[Dataset entries]
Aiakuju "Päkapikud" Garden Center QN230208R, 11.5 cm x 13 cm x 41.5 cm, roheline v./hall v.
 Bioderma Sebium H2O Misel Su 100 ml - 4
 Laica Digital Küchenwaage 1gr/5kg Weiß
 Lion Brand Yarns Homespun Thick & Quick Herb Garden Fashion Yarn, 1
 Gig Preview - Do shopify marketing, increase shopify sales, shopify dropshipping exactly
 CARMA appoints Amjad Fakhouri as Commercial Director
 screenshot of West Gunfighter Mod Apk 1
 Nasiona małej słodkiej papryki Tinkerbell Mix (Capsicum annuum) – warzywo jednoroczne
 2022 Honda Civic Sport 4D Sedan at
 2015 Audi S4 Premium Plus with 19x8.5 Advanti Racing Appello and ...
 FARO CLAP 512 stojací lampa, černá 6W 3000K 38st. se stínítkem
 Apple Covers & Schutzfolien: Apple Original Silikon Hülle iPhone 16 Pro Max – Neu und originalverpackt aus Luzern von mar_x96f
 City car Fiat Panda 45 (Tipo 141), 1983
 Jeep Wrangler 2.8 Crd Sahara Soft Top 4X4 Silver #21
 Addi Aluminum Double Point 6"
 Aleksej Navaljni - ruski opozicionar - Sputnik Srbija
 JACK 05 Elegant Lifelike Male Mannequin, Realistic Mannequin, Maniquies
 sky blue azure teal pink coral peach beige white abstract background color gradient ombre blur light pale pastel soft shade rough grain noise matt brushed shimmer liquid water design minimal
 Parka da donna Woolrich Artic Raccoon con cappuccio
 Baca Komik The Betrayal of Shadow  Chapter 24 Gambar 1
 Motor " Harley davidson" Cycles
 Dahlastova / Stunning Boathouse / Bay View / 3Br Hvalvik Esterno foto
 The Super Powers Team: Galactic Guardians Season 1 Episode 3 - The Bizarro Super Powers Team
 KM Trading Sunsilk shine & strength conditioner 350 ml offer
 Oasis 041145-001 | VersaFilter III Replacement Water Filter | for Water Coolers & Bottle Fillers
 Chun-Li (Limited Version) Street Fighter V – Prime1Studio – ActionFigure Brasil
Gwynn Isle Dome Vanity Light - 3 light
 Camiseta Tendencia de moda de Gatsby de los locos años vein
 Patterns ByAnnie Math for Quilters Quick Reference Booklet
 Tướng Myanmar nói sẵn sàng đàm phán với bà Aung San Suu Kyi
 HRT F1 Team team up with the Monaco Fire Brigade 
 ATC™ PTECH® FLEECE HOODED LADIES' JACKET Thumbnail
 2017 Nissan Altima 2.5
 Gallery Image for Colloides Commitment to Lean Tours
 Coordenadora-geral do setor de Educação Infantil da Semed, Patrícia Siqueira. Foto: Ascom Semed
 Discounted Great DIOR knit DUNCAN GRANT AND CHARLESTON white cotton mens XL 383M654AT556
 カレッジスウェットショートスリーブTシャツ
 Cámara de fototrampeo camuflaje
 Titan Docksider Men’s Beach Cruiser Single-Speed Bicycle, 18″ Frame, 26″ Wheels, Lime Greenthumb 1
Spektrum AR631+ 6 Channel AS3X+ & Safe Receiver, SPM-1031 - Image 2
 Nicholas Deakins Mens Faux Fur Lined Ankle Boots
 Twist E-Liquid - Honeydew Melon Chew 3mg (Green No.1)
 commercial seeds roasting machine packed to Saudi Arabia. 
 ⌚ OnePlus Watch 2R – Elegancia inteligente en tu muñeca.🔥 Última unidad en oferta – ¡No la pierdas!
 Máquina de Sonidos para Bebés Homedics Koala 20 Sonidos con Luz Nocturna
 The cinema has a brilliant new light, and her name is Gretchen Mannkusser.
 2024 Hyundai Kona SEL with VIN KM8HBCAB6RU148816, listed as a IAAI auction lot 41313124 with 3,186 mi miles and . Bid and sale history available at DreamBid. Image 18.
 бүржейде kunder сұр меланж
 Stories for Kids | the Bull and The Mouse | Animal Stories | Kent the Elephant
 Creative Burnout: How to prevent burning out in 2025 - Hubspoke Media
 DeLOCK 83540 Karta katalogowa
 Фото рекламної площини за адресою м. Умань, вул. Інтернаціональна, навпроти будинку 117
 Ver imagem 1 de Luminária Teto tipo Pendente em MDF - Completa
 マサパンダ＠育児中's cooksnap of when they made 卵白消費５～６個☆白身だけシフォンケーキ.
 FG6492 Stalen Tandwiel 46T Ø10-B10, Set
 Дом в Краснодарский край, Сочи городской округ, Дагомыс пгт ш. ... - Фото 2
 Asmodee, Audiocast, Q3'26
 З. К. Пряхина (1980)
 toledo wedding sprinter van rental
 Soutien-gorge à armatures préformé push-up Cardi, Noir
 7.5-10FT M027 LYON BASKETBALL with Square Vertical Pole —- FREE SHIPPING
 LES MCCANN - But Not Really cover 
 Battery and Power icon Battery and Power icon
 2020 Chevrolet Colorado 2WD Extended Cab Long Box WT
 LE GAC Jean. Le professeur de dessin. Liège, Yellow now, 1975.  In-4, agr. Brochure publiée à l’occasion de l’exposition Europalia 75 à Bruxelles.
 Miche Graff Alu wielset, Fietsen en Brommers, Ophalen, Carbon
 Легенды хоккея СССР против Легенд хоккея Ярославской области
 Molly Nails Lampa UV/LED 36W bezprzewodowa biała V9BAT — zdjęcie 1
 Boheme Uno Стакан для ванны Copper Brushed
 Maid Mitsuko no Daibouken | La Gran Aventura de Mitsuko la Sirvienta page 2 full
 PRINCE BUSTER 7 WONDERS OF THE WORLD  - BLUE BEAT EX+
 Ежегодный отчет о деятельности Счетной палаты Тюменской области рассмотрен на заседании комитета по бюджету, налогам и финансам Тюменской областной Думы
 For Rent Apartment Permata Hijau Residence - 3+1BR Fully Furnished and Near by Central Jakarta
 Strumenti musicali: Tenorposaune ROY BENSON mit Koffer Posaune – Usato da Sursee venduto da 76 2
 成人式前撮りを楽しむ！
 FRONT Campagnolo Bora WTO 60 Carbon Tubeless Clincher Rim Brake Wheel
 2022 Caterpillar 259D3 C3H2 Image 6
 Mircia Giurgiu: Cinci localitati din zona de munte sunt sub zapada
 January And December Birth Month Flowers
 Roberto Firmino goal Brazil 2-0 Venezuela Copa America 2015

◆ Problem to solve ◆
Restate the data above in full, keeping every word as it is.

◆ The completed task ◆
Aiakuju "Päkapikud" Garden Center QN230208R, 11.5 cm x 13 cm x 41.5 cm, roheline v./hall v.
 Bioderma Sebium H2O Misel Su 100 ml - 4
 Laica Digital Küchenwaage 1gr/5kg Weiß
 Lion Brand Yarns Homespun Thick & Quick Herb Garden Fashion Yarn, 1
 Gig Preview - Do shopify marketing, increase shopify sales, shopify dropshipping exactly
 CARMA appoints Amjad Fakhouri as Commercial Director
 screenshot of West Gunfighter Mod Apk 1
 Nasiona małej słodkiej papryki Tinkerbell Mix (Capsicum annuum) – warzywo jednoroczne
 2022 Honda Civic Sport 4D Sedan at
 2015 Audi S4 Premium Plus with 19x8.5 Advanti Racing Appello and ...
 FARO CLAP 512 stojací lampa, černá 6W 3000K 38st. se stínítkem
 Apple Covers & Schutzfolien: Apple Original Silikon Hülle iPhone 16 Pro Max – Neu und originalverpackt aus Luzern von mar_x96f
 City car Fiat Panda 45 (Tipo 141), 1983
 Jeep Wrangler 2.8 Crd Sahara Soft Top 4X4 Silver #21
 Addi Aluminum Double Point 6"
 Aleksej Navaljni - ruski opozicionar - Sputnik Srbija
 JACK 05 Elegant Lifelike Male Mannequin, Realistic Mannequin, Maniquies
 sky blue azure teal pink coral peach beige white abstract background color gradient ombre blur light pale pastel soft shade rough grain noise matt brushed shimmer liquid water design minimal
 Parka da donna Woolrich Artic Raccoon con cappuccio
 Baca Komik The Betrayal of Shadow  Chapter 24 Gambar 1
 Motor " Harley davidson" Cycles
 Dahlastova / Stunning Boathouse / Bay View / 3Br Hvalvik Esterno foto
 The Super Powers Team: Galactic Guardians Season 1 Episode 3 - The Bizarro Super Powers Team
 KM Trading Sunsilk shine & strength conditioner 350 ml offer
 Oasis 041145-001 | VersaFilter III Replacement Water Filter | for Water Coolers & Bottle Fillers
 Chun-Li (Limited Version) Street Fighter V – Prime1Studio – ActionFigure Brasil
Gwynn Isle Dome Vanity Light - 3 light
 Camiseta Tendencia de moda de Gatsby de los locos años vein
 Patterns ByAnnie Math for Quilters Quick Reference Booklet
 Tướng Myanmar nói sẵn sàng đàm phán với bà Aung San Suu Kyi
 HRT F1 Team team up with the Monaco Fire Brigade 
 ATC™ PTECH® FLEECE HOODED LADIES' JACKET Thumbnail
 2017 Nissan Altima 2.5
 Gallery Image for Colloides Commitment to Lean Tours
 Coordenadora-geral do setor de Educação Infantil da Semed, Patrícia Siqueira. Foto: Ascom Semed
 Discounted Great DIOR knit DUNCAN GRANT AND CHARLESTON white cotton mens XL 383M654AT556
 カレッジスウェットショートスリーブTシャツ
 Cámara de fototrampeo camuflaje
 Titan Docksider Men’s Beach Cruiser Single-Speed Bicycle, 18″ Frame, 26″ Wheels, Lime Greenthumb 1
Spektrum AR631+ 6 Channel AS3X+ & Safe Receiver, SPM-1031 - Image 2
 Nicholas Deakins Mens Faux Fur Lined Ankle Boots
 Twist E-Liquid - Honeydew Melon Chew 3mg (Green No.1)
 commercial seeds roasting machine packed to Saudi Arabia. 
 ⌚ OnePlus Watch 2R – Elegancia inteligente en tu muñeca.🔥 Última unidad en oferta – ¡No la pierdas!
 Máquina de Sonidos para Bebés Homedics Koala 20 Sonidos con Luz Nocturna
 The cinema has a brilliant new light, and her name is Gretchen Mannkusser.
 2024 Hyundai Kona SEL with VIN KM8HBCAB6RU148816, listed as a IAAI auction lot 41313124 with 3,186 mi miles and . Bid and sale history available at DreamBid. Image 18.
 бүржейде kunder сұр меланж
 Stories for Kids | the Bull and The Mouse | Animal Stories | Kent the Elephant
 Creative Burnout: How to prevent burning out in 2025 - Hubspoke Media
 DeLOCK 83540 Karta katalogowa
 Фото рекламної площини за адресою м. Умань, вул. Інтернаціональна, навпроти будинку 117
 Ver imagem 1 de Luminária Teto tipo Pendente em MDF - Completa
 マサパンダ＠育児中's cooksnap of when they made 卵白消費５～６個☆白身だけシフォンケーキ.
 FG6492 Stalen Tandwiel 46T Ø10-B10, Set
 Дом в Краснодарский край, Сочи городской округ, Дагомыс пгт ш. ... - Фото 2
 Asmodee, Audiocast, Q3'26
 З. К. Пряхина (1980)
 toledo wedding sprinter van rental
 Soutien-gorge à armatures préformé push-up Cardi, Noir
 7.5-10FT M027 LYON BASKETBALL with Square Vertical Pole —- FREE SHIPPING
 LES MCCANN - But Not Really cover 
 Battery and Power icon Battery and Power icon
 2020 Chevrolet Colorado 2WD Extended Cab Long Box WT
 LE GAC Jean. Le professeur de dessin. Liège, Yellow now, 1975.  In-4, agr. Brochure publiée à l’occasion de l’exposition Europalia 75 à Bruxelles.
 Miche Graff Alu wielset, Fietsen en Brommers, Ophalen, Carbon
 Легенды хоккея СССР против Легенд хоккея Ярославской области
 Molly Nails Lampa UV/LED 36W bezprzewodowa biała V9BAT — zdjęcie 1
 Boheme Uno Стакан для ванны Copper Brushed
 Maid Mitsuko no Daibouken | La Gran Aventura de Mitsuko la Sirvienta page 2 full
 PRINCE BUSTER 7 WONDERS OF THE WORLD  - BLUE BEAT EX+
 Ежегодный отчет о деятельности Счетной палаты Тюменской области рассмотрен на заседании комитета по бюджету, налогам и финансам Тюменской областной Думы
 For Rent Apartment Permata Hijau Residence - 3+1BR Fully Furnished and Near by Central Jakarta
 Strumenti musicali: Tenorposaune ROY BENSON mit Koffer Posaune – Usato da Sursee venduto da 76 2
 成人式前撮りを楽しむ！
 FRONT Campagnolo Bora WTO 60 Carbon Tubeless Clincher Rim Brake Wheel
 2022 Caterpillar 259D3 C3H2 Image 6
 Mircia Giurgiu: Cinci localitati din zona de munte sunt sub zapada
 January And December Birth Month Flowers
 Roberto Firmino goal Brazil 2-0 Venezuela Copa America 2015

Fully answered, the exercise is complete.